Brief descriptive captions
___

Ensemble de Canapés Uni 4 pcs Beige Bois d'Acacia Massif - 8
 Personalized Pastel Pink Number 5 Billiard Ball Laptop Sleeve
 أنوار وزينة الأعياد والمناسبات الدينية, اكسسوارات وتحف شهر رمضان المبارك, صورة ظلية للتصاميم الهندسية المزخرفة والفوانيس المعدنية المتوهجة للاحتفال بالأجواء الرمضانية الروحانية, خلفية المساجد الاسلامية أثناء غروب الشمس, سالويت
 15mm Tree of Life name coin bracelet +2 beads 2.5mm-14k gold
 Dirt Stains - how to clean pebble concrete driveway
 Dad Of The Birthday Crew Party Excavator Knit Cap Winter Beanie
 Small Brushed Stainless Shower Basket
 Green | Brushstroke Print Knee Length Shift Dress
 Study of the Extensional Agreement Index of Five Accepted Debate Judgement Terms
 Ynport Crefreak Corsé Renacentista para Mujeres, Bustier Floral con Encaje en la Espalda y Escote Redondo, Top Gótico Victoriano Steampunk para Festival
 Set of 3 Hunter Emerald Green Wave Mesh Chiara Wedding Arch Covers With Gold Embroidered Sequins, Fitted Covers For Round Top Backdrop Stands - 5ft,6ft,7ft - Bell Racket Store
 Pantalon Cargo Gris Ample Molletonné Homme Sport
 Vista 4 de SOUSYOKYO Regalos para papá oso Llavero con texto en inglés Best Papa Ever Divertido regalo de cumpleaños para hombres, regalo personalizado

___

### WORK REQUEST
After locating the line holding "Ynport Crefreak Corsé" above, output exactly that line and every line after it through the line holding "Pantalon Cargo Gris". Include nothing else.

### OUTPUT FOR THIS EXERCISE
 Ynport Crefreak Corsé Renacentista para Mujeres, Bustier Floral con Encaje en la Espalda y Escote Redondo, Top Gótico Victoriano Steampunk para Festival
 Set of 3 Hunter Emerald Green Wave Mesh Chiara Wedding Arch Covers With Gold Embroidered Sequins, Fitted Covers For Round Top Backdrop Stands - 5ft,6ft,7ft - Bell Racket Store
 Pantalon Cargo Gris Ample Molletonné Homme Sport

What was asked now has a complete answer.